NKJ Romans 7:5 For when we were in the flesh, the sinful passions which were aroused by the law

 

Now if you don't think that law can arouse sin just watch some three-year old and tell him not to do something. As soon as you tell them not to do something, they are going to try to do it. You have by establishing a law aroused their sinful passions. That is just the way we are. So Paul says that the Law arouses these sinful passions.

 

by the law were at work in our members

 

The term "our members" refers to the physical body. As we will see before we are done the sin nature is located within the physical part of our makeup. 

 

to bear fruit to death.

 

Is this death spiritual or physical? It is spiritual. They are still dead and are living in carnality. It is the realization of spiritual death. That is where he is going here. He leaves a lot out, but it is very interesting. As you will see when we get down into verses 7, 9, 12, 13, he keeps talking about the law killed me. The Law didn't kill him; he was already dead spiritually and it didn't kill him physically. So he is talking about how the law exposes the fact that we are spiritually dead. So when he talks about bearing fruit to death, the production of the law is to expose the fact that we can't save ourselves. We are spiritually dead. That's the underlying argument in these verses from 7 to 15. In verse 7 we read:

 

NKJ Romans 7:7 What shall we say then? Is the law sin?

 

I have had people tell me the Mosaic Law must have been horrible because look what the Pharisees did with it. No, the Pharisees perverted the law. The law as we will see in a minute is inherently righteous. So Paul is asking the same rhetorical question - if the law produces sin or exposes sin is it sin itself? He says:

 

Certainly not! On the contrary, I would not have known sin except through the law.

 

In the Greek it is me genoito which is an extremely strong rejection of the idea. 

 

He says, "Is the law sin? No! The law exposes and reveals to us that we are sinners and spiritually dead." 

 

For I would not have known covetousness unless the law had said, "You shall not covet."

 

So the law not only exposes sin; but it also reveals man's inability to live up to God's standards. The law wasn't given to give you a way to live up to God's standard but to expose the fact that you can't. 

 

NKJ Romans 7:9 I was alive once without the law, but when the commandment came, sin revived and I died.

 

The law exposed the fact that he could not lived up to it. When he thought he could do the first 9 commandments but when God said, "Don't covet" that revealed mental attitude sins and he couldn't live up to that standard. So it revealed the fact that he was dead. 

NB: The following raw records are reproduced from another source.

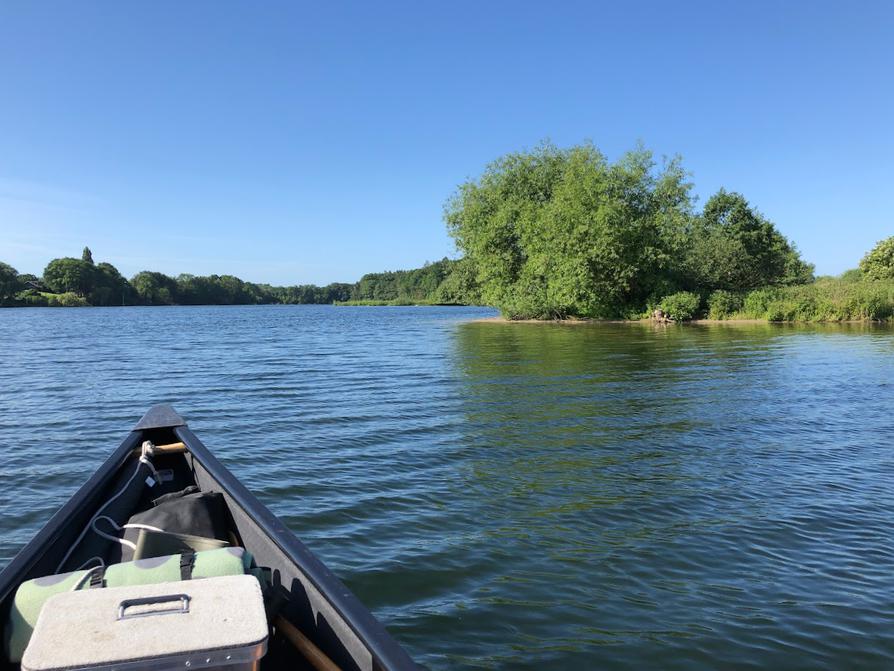 rund  um die Insel Großes Warder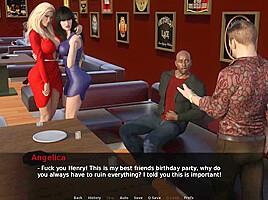 Angelicas Temptation Transformation From A House Wife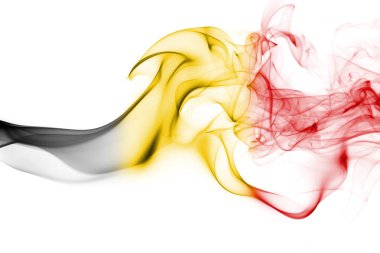 Belçika Ulusal duman bayrak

When he says, "And I died"; he didn't become dead. He was already spiritually dead, but experientially he came to the realization that he was spiritually dead. 

 

NKJ Romans 7:13 Has then what is good become death to me?

 

What is good is referring to the law. That is the Mosaic Law. 

 

Certainly not! But sin, that it might appear sin,

 

Or be revealed or exposed as sin. 

 

was producing death in me through what is good, so that sin through the commandment might become exceedingly sinful.

 

What kind of death? It is revealing it. It is not making, manufacturing the death at this time. He is an unbeliever. The law is functioning to expose to the unbeliever that he is spiritually dead and unable to have a relationship with God based on what he does. So sin was producing. We could paraphrase it:

Sin was producing a knowledge of my own spiritual death in me through what is good so that sin through the commandment might become exceedingly sinful. 

 

In other words that I might realize how bad sin really is. So physical death wouldn't work in any of these passages because he was still alive. He was alive many years later when he wrote this epistle to the Romans. So it has to be a reference to spiritual death.

 

So in terms of the nature of the law we read back in verse 12: 

 

NKJ Romans 7:12 Therefore the law is holy, and the commandment holy and just and good.

 

That characterized the entirety of the Mosaic Law. It wasn't a system that was designed to bind men or to imprison men or to enslave men to some sort of rigorous, awful law code. That doesn't fit what everything says in the Scripture. The law by its very nature was holy, just and good. 

 

Now let's go back to Romans 5:14.

 

NKJ Romans 5:14 Nevertheless death

 

That is spiritual death. 

 

reigned from Adam to Moses, even over those who had not sinned according to the likeness of the transgression of Adam, who is a type of Him who was to come.

 

So it sins over all these people who lived from Adam to Moses – Cain and Abel and Seth and Enoch and Methuselah and Lamech and all the others who lived in that period. They were all spiritually dead, but they didn't sin according to the likeness of the transgression of Adam.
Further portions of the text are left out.